I looked an appeal at Charlie, who just stood smiling enigmatically.
“But what if Mum and Dad check?”
“They won’t,” Alison assured me.
“But if they do,” I said.
She just looked exasperated.
“Boys,” she said.
“David,” Charlie said at last, “why do you think your parents aren’t here?”
“They’re having a romantic evening to themselves?” I replied.
“Plausible deniability,” Alison said.
I looked quizzically at her.
“No, m’lud, we had no idea what our under-age son and his eighteen year old girlfriend were planning to do. Only they and our fourteen year old daughter knew, we never suspected.”
“You mean?” I began.
“I think the penny dropped,” Alison said.
“But you shouldn’t be getting mixed up in things like that,” I objected.
Alison sighed, deeply.
“David, I may be a fourteen year old virgin, but I’m at least theoretically aware of the relationship between tab A and slot B. Now will you please give me your key, I’m tired and I want to go to bed. And I really have no desire whatsoever to watch you two give a demonstration on the next bed.”
I knew when I was defeated, handed my key over, kissed Alison good night, with a whispered ‘thank you’ thrown in, and led my girlfriend into the room.
Chapter 2.
Charlie and I had to be up at six, in order to get to Heathrow for her eight o’clock check in. I wasn’t looking forward to saying goodbye, I really liked her, and I had a depressing feeling that I’d never see her again after today.
“David,” Charlie said as we got off the train at terminal 3, “what’s wrong? You’re very quiet.”
“I’m just sad that you’re leaving,” I replied.
She stopped and turned to look at me.
“No,” she said, “it’s more than that. You’re afraid that I won’t come back, that this is goodbye.”
I just stood there and nodded, until she stopped me by applying her lips to mine.
“Come on,” she said, “coffee.”
She led the way while I followed with her luggage on a trolley, and we eventually found a coffee shop. I bought us two coffees, an Americano for me and a skinny Latte for her and we sat at a corner table with two chairs.

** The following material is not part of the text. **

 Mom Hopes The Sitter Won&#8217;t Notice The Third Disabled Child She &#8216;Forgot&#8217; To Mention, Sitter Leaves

“David,” she said, as we sat down opposite each other, “when we first met, I was a wreck. My mother had turned me into little more than a prostitute. You liberated me from her.”

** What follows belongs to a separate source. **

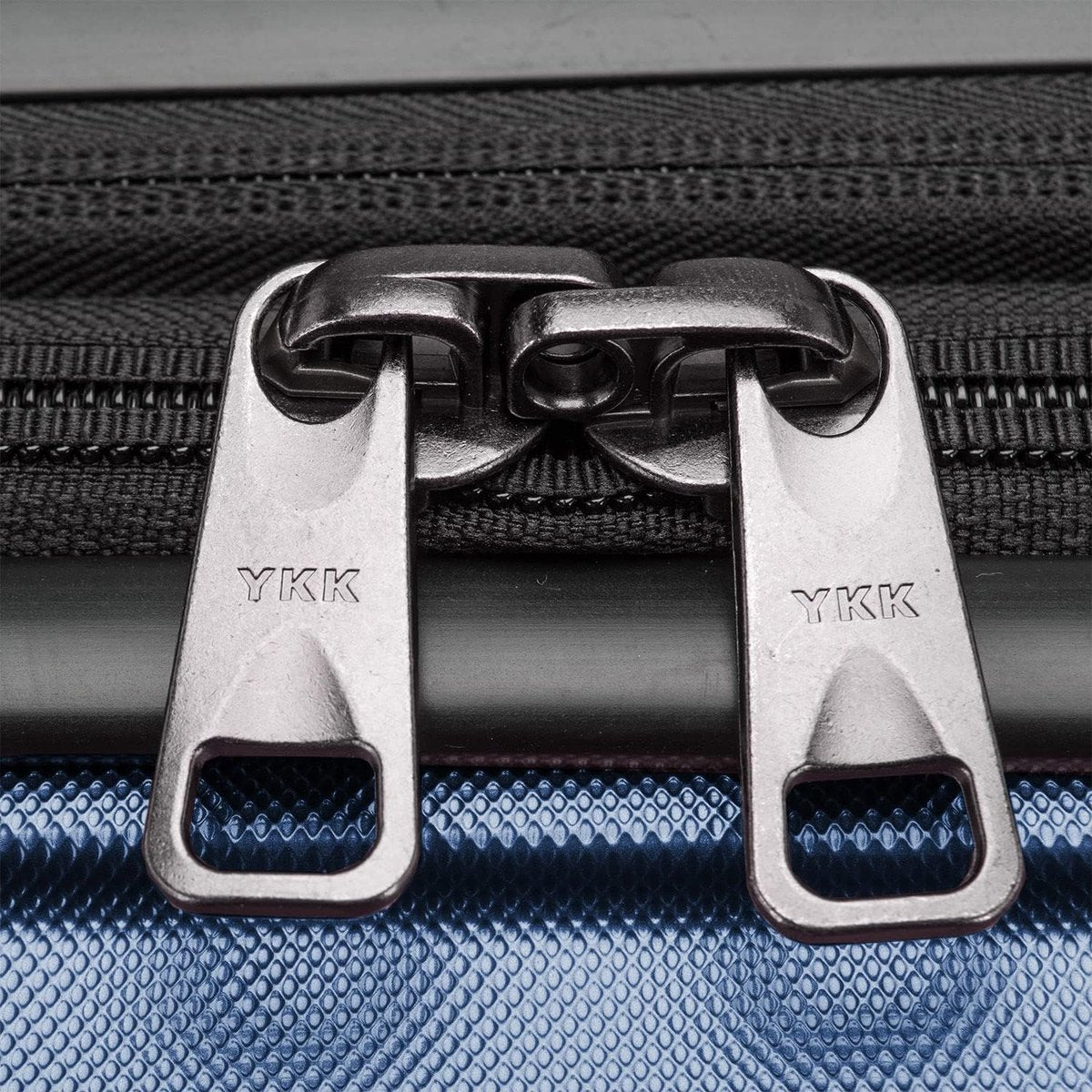 Set 3 valises 36-67-98 litres ABS avec 4 roulettes Bleu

“No, I didn’t,” I protested.
“Yes, you did,” she insisted, firmly, “she wasn’t used to anyone standing up to her, particularly me, and what you said and did gave me the courage to do it. Now, less than six months later, I’m independent, I have control of my own life and my own body, and I’m going off to spend Christmas and the new year with my Dad and his new family. My Dad who that so-called mother kept me away from. You did that for me, and I’ll always be grateful.”
“I only did what I thought was right,” I said.
“You only ever do what you think is right David, and the miracle is, usually, it is right. David, I love you. I will always love you, my hero. My saviour.”
She paused and took a sip of her coffee.
“Do you remember that night in Manchester, when I asked you to take me to your room and show me what it was like to be made love to?”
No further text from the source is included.